Chistiaan Bor (see picture) and Kerry McDermott, violins
Giles Francis and Marcus Thompson, violas
Eugene Osadchy, cello
Rien Wisse, contrabass


0:00 III. Elegy - Sas Bunge in memoriam attacca:
7:38 IV. Finale

My sextet for strings, opus 33, dedicated to Christiaan Bor and The Travelling Music Society, is more or less ‘autobiographical’. It is a piece with an ‘idée fixe’ theme, which contains both the initials of my chosen pseudonym and also the beginning of my name: AC-EddeB.

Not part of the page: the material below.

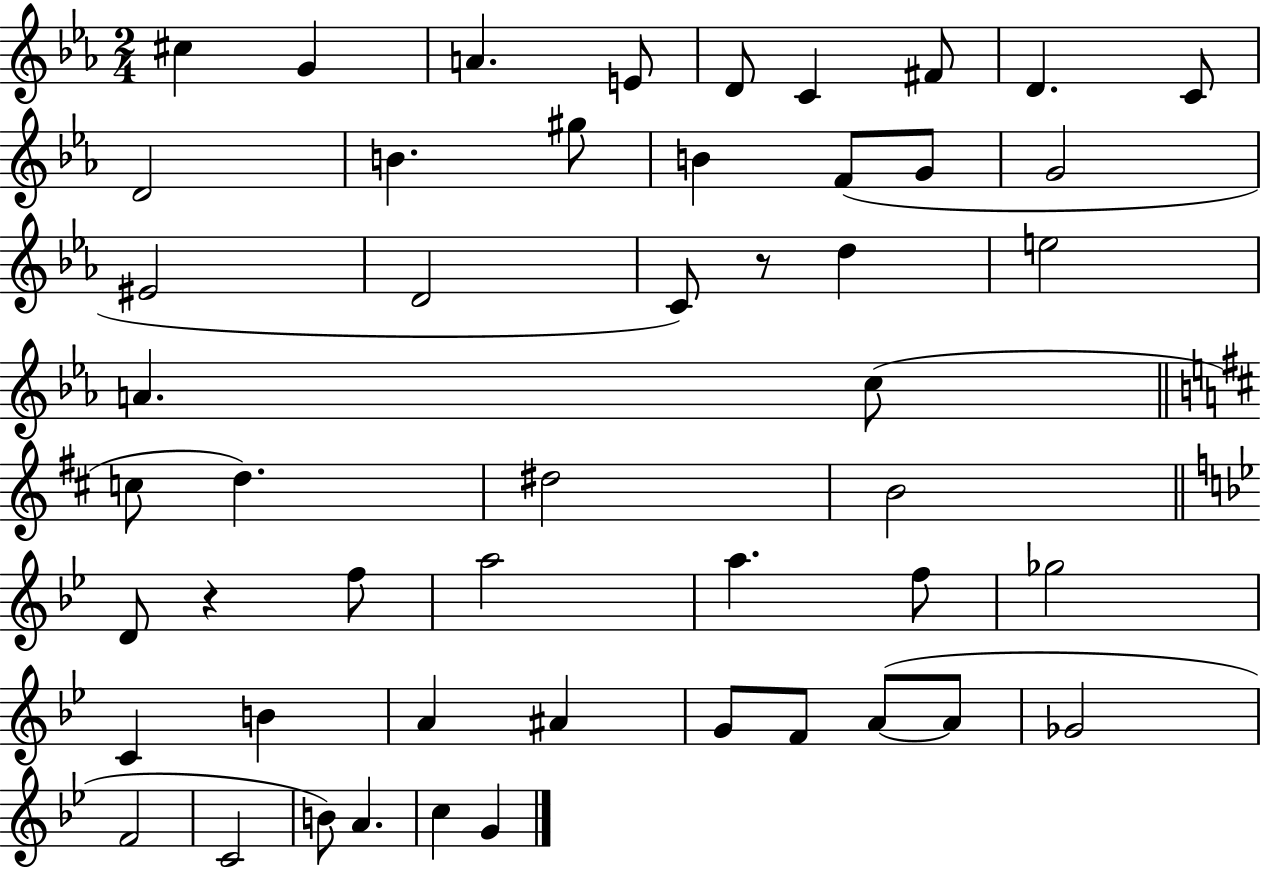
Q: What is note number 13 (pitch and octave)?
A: B4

A short description of each of the four movements could be as follows:
I. An impactful traumatic experience
II. On the surface, the damage appears to be not too bad
III. Crisis after all, years later
IV. Regeneration and new strength

III. Elegy - Sas Bunge in memoriam
After my time as a conservatory student, I received a number of composition commissions from radio, regional orchestras, choirs and chamber ensembles. However, the reviews of the compositions I wrote were mostly negative. I was mostly described as a fossil from a time gone by. And so I came to adopt a pseudonym, in Latin, a ‘dead language’: Alexander Comitas. The Latin word comitas means kindness, affability. The idea behind it was: I intend to always remain friendly and sympathetic on the subject of contemporary music, but as a composer I will keep pursuing my own path. The way I compose is not the result of ineptitude, but of a conscious and considered choice. See for example my articles Busoni's Garden (https://www.eduarddeboer.org/busonis-garden/) and Music and Spirituality (https://www.eduarddeboer.org/music-and-spirituality/).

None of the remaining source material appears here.